Ma perché accanirsi in questo modo con i politici, neanche fossero nuotatrici della Germania Est, lottatori mongoli o giavellottisti della Russia putiniana? Il leggendario Serpelloni, in quell'epoca remota, diceva cose sensate: un manager, di aziende private o della cosa pubblica, se è drogato, non può assumere decisioni equilibrate perché i processi di valutazione vengono alterati. È vero che tanto tempo fa certe società finanziarie tolleravano, o perfino incoraggiavano l'uso di cocaina per reggere lo stress abnorme di chi deve decidere in pochi secondi la sorte di migliaia, milioni di dollari. Poi, dopo il capitombolo del 2008, cambiarono idea, essendosi convinti, beati loro (e beati noi che affidiamo loro i nostri sudati risparmi), che alla base del crac e di troppe decisioni avventate ci fosse proprio la coca, e non nel senso di cola. Quell'altra coca.

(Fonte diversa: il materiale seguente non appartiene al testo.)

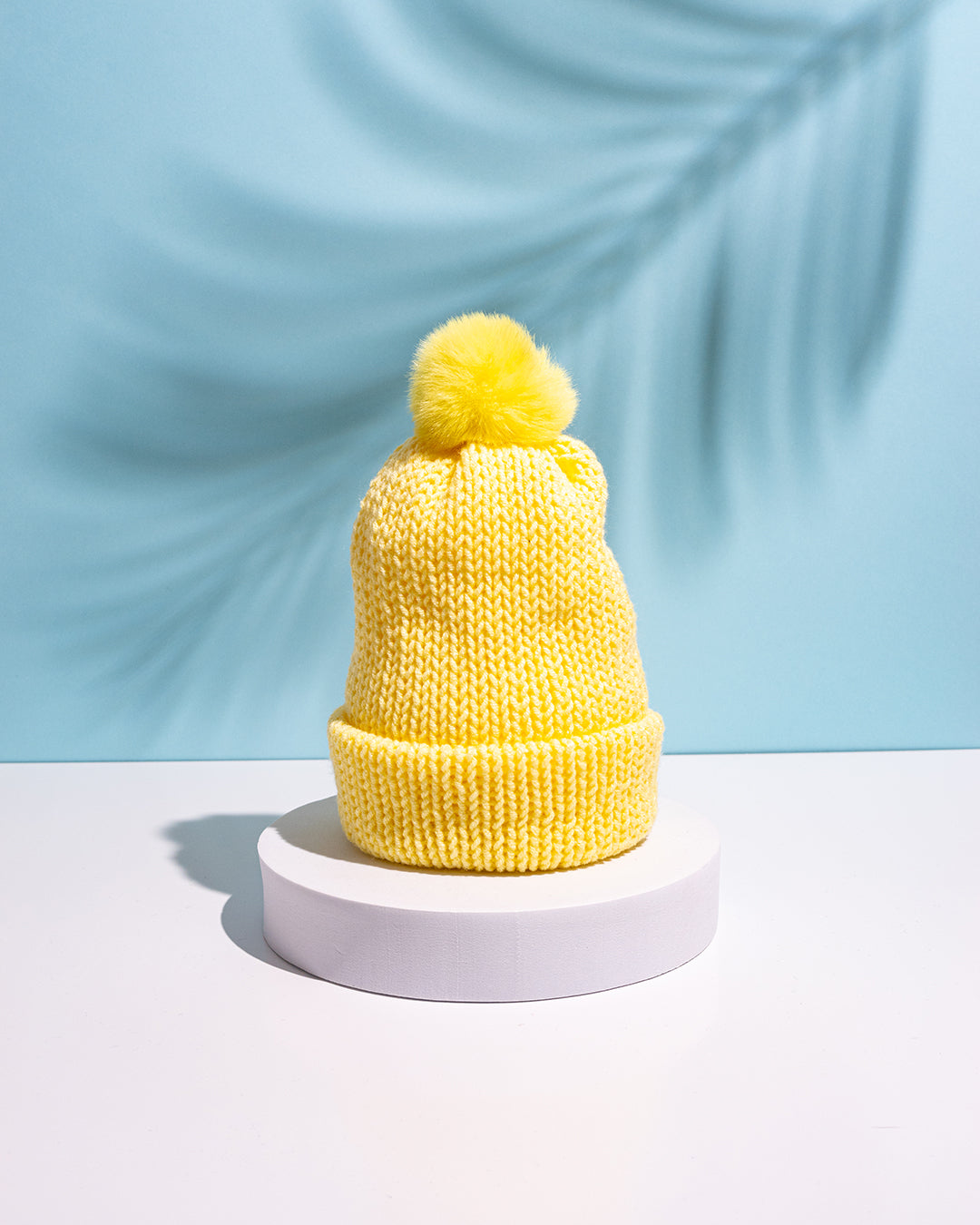 ENOBARVA KAPA Z COFKOM (Majhna Velikost)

In effetti, il principio di lealtà ed equità suggerirebbe proprio di procedere a controlli meticolosi, se non nel Parlamento e delle giunte attuali, almeno in quelle in via di formazione. Prevenzione! La competizione elettorale, lo dice la parola stessa, è una "competizione". Si gareggia, ci si affronta in pubblica tenzone, si gira siccome trottola per raduni, comizi e salotti tv in cui la forma fisica, la prontezza di riflessi e la lingua sciolta sono decisive. È giusto dunque competere ad armi pari. Un candidato pieno di cocaina e un altro che va a pane e salame non hanno le stesse chance, come probabilmente capitò – e qui siamo in epoche preistoriche – ai poveri pedatori ungheresi alla finale del Mondiale svizzero del 1954, travolti dai calciatori di una Germania che pochi giorni dopo la vittoria finirono disciolti in infermerie e cliniche, e alcuni non riuscirono mai a smaltire la sbornia.
In campagna elettorale è giusto presentarsi con il certificato medico immacolato. L'unica polverina bianca ammessa sia il borotalco dopo il bagnetto. Si concorra ad armi pari, senza aiutini. Uno spin doctor è ammesso, un ghostwriter pure, un personal trainer anche, un pusher no. Dopo Porta a porta, analisi per ogni partecipante. Tutti a fare la pipì. Anche Bruno Vespa, giusto per dare il buon esempio.